:: Task statement ::
Could you copy every entry exactly, dropping the pictures?
BEGIN
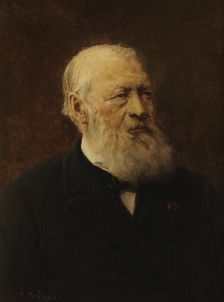 The Writer Hendrik Conscience. Creator: Jean Francois Portaels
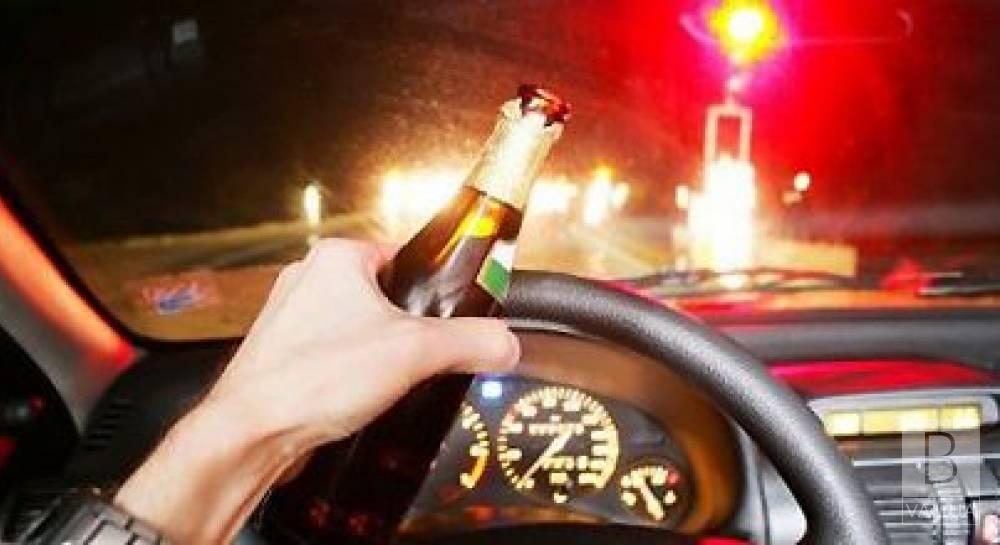 В течение ночи в Чернигове патрульные выявили двух водителей с признаками опьянения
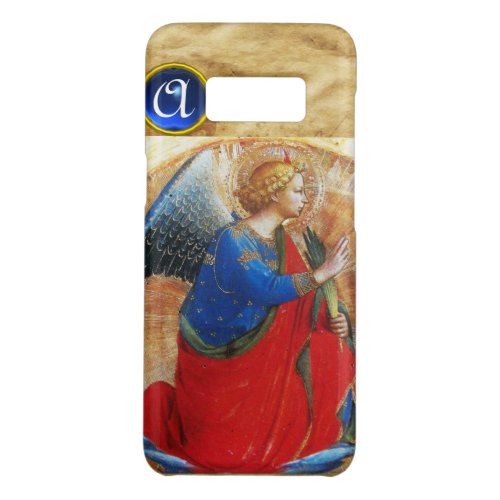 ANGEL IN GOLD RED AND BLUE GEMSTONE MONOGRAM Case_Mate SAMSUNG GALAXY S8 CASE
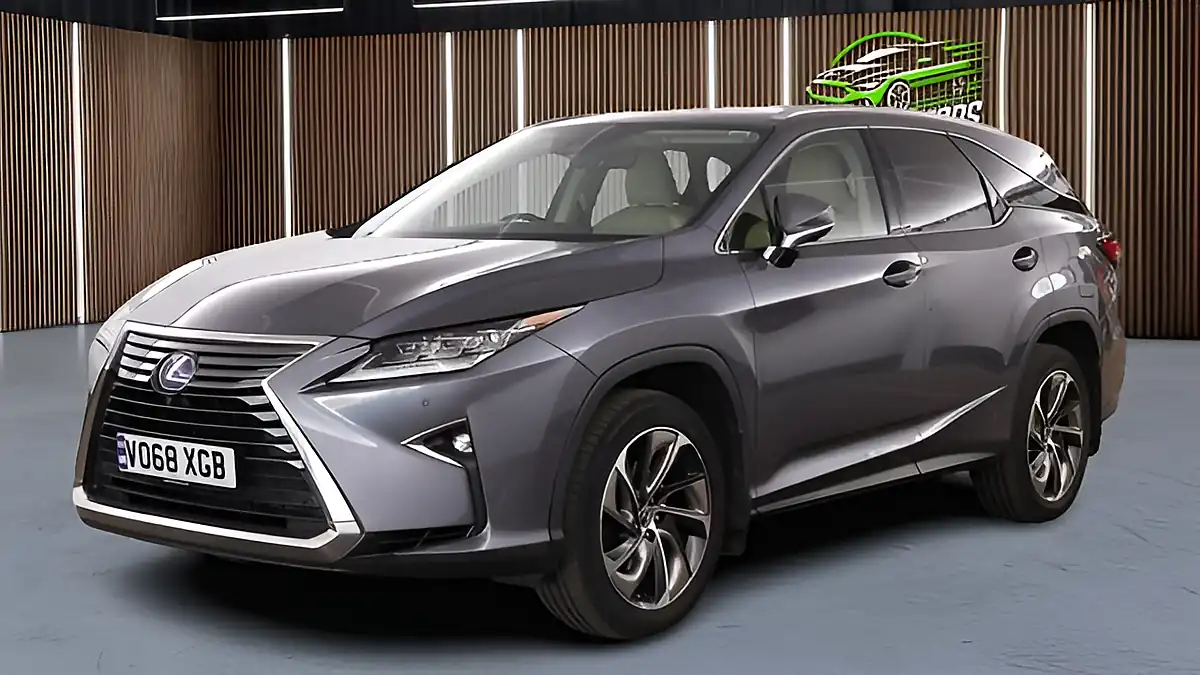Used 2018 Lexus Rx L Premier Grey - Interior and Exterior details 2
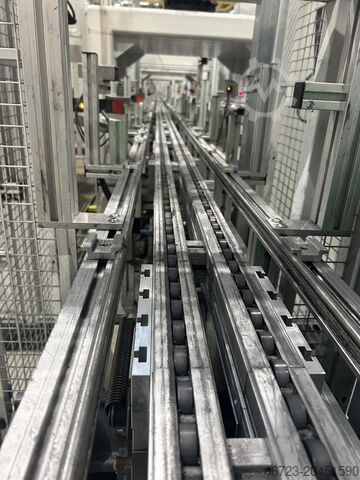 Production Line Conveyor System SW Schwäbische Werkzeugmaschinen
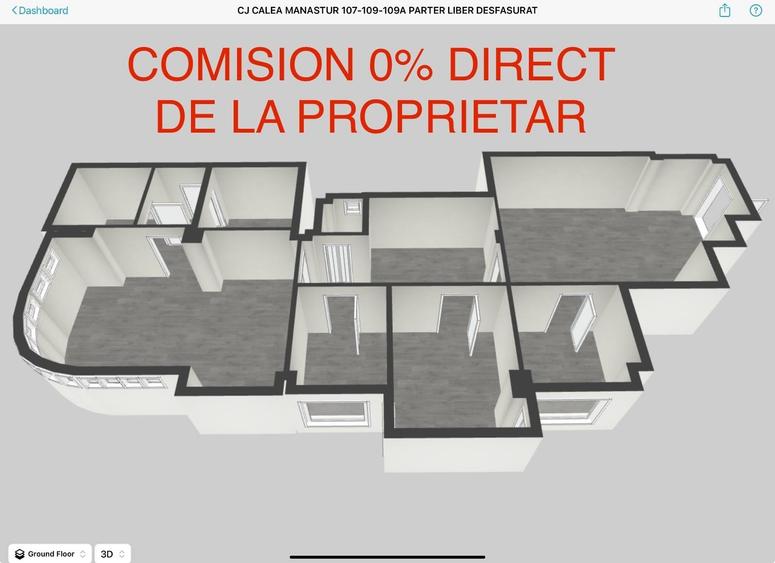 Spațiu comercial, de 131.10000610352 mp, în Mănăștur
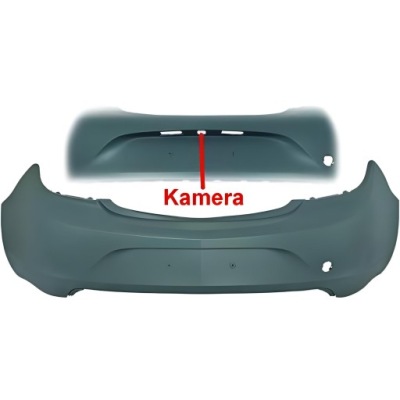 Бампер до opel insignia sedan./sportstourer 13-17 фото №1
END
:: Result for this task ::
 The Writer Hendrik Conscience. Creator: Jean Francois Portaels
 В течение ночи в Чернигове патрульные выявили двух водителей с признаками опьянения
 ANGEL IN GOLD RED AND BLUE GEMSTONE MONOGRAM Case_Mate SAMSUNG GALAXY S8 CASE
Used 2018 Lexus Rx L Premier Grey - Interior and Exterior details 2
 Production Line Conveyor System SW Schwäbische Werkzeugmaschinen
 Spațiu comercial, de 131.10000610352 mp, în Mănăștur
 Бампер до opel insignia sedan./sportstourer 13-17 фото №1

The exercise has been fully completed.